**EXERCISE REQUIREMENTS:** Beginning with the line that holds "Maroon Red Pure", output every remaining line of the material below exactly, and include none of the pictures.

**RECORDED INFORMATION:**
----------
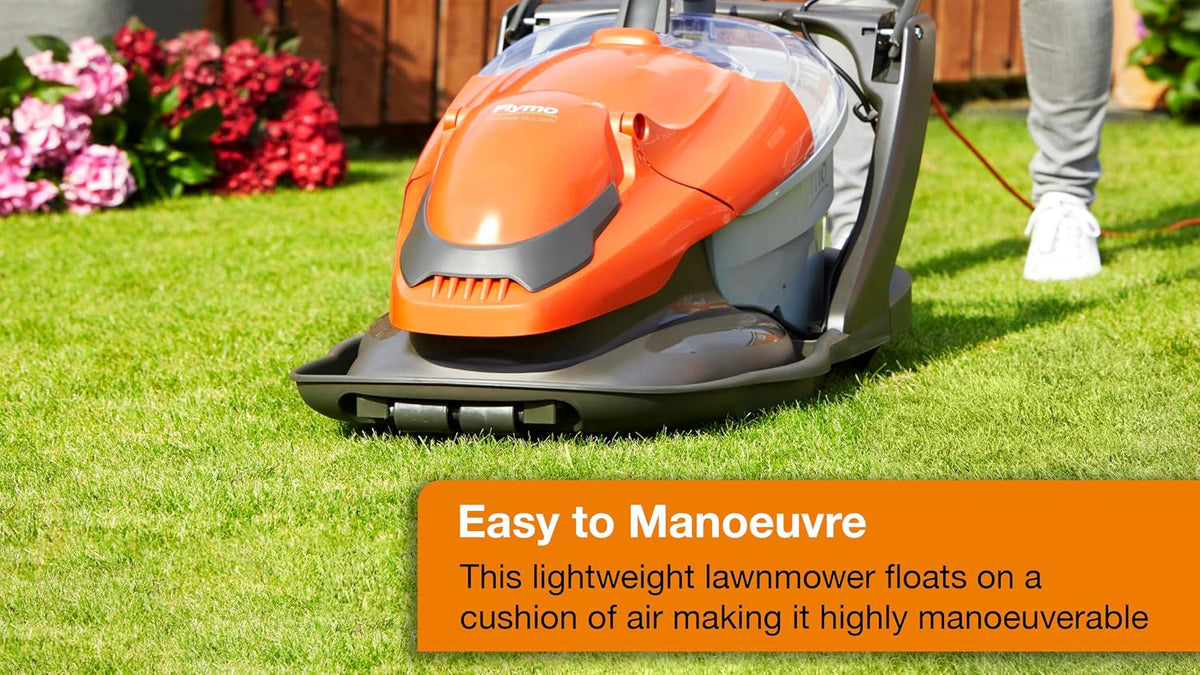 Corded Electric Hover Lawn Mower 1800W 14.2in 6.9 Gal 4 Heights Orange Gray
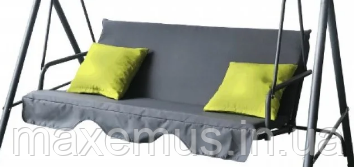 Садовые качели Botro B703 A с навесом и подушками качели для сада и дачи серая с салатовыми подушками Мостиська - фото 17
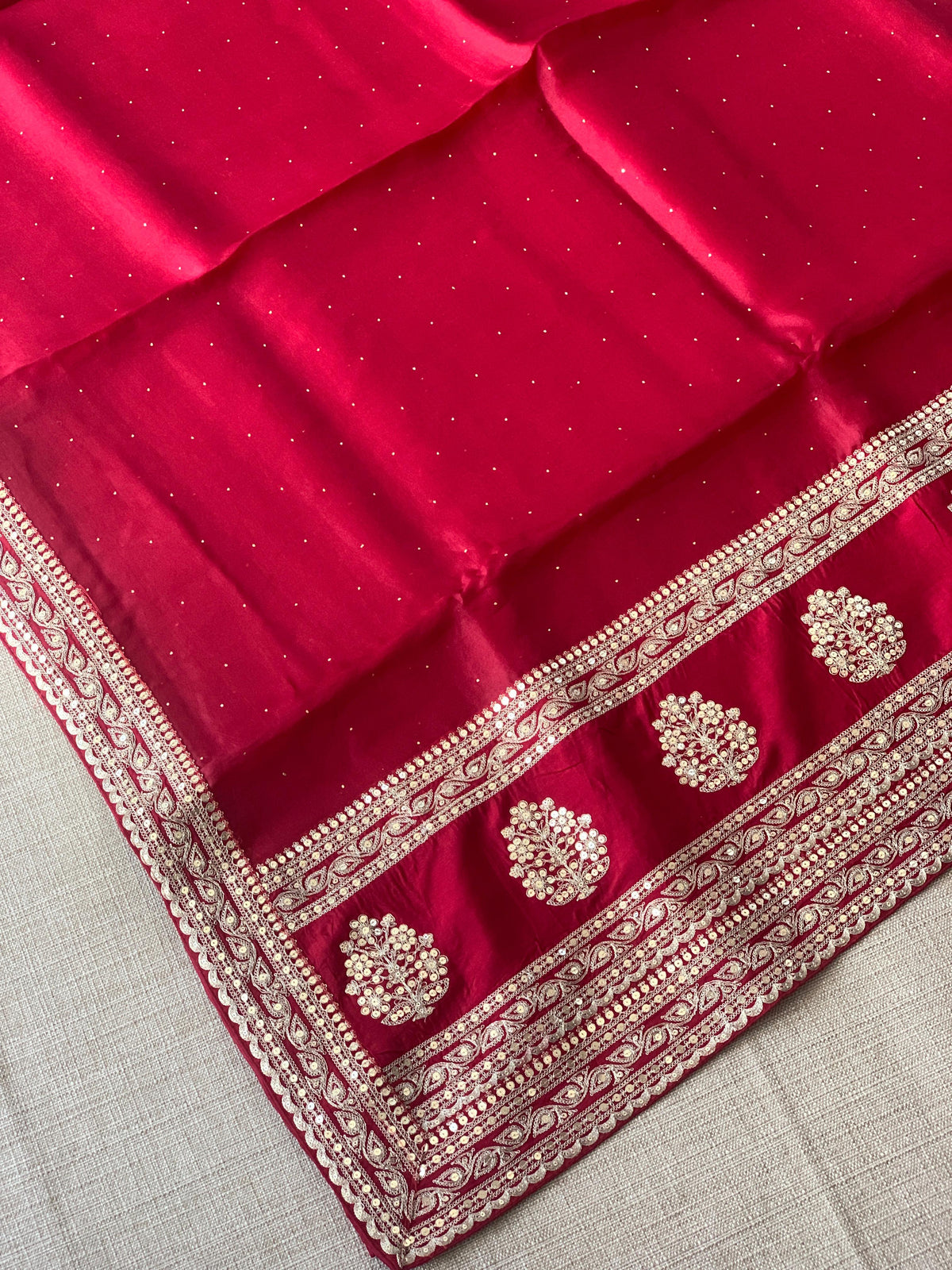 Maroon Red Pure Organza Saree with allover mukaish work & sabyasachi borders
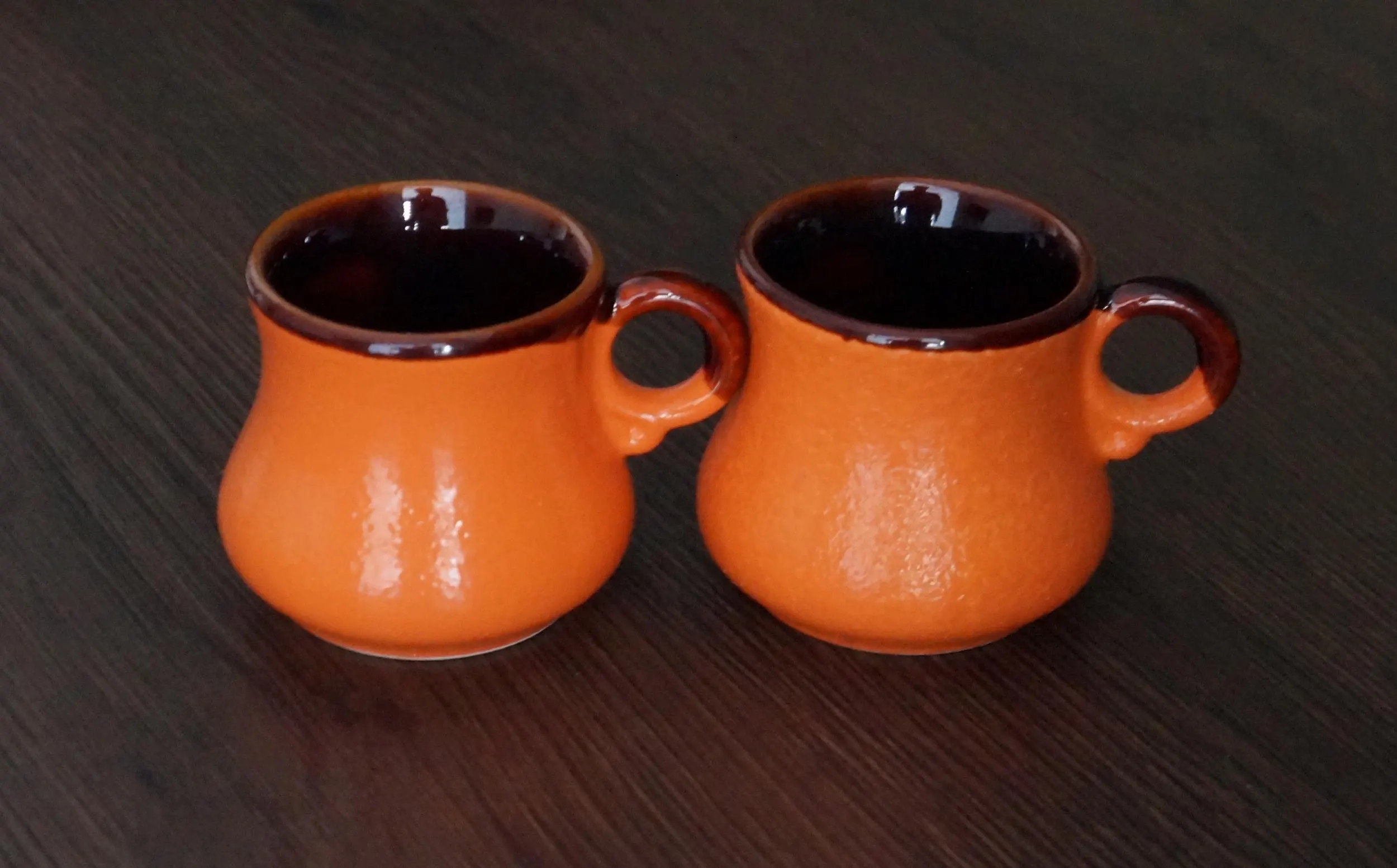 3 oz Espresso Cups Set of 2, Orange Demitasse Coffee Cups, Small Ceramic Coffee Mugs, Mini Coffee Cups, Handmade Gift for Coffee Lover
----------
**EXERCISE RESULT:**
 Maroon Red Pure Organza Saree with allover mukaish work & sabyasachi borders
 3 oz Espresso Cups Set of 2, Orange Demitasse Coffee Cups, Small Ceramic Coffee Mugs, Mini Coffee Cups, Handmade Gift for Coffee Lover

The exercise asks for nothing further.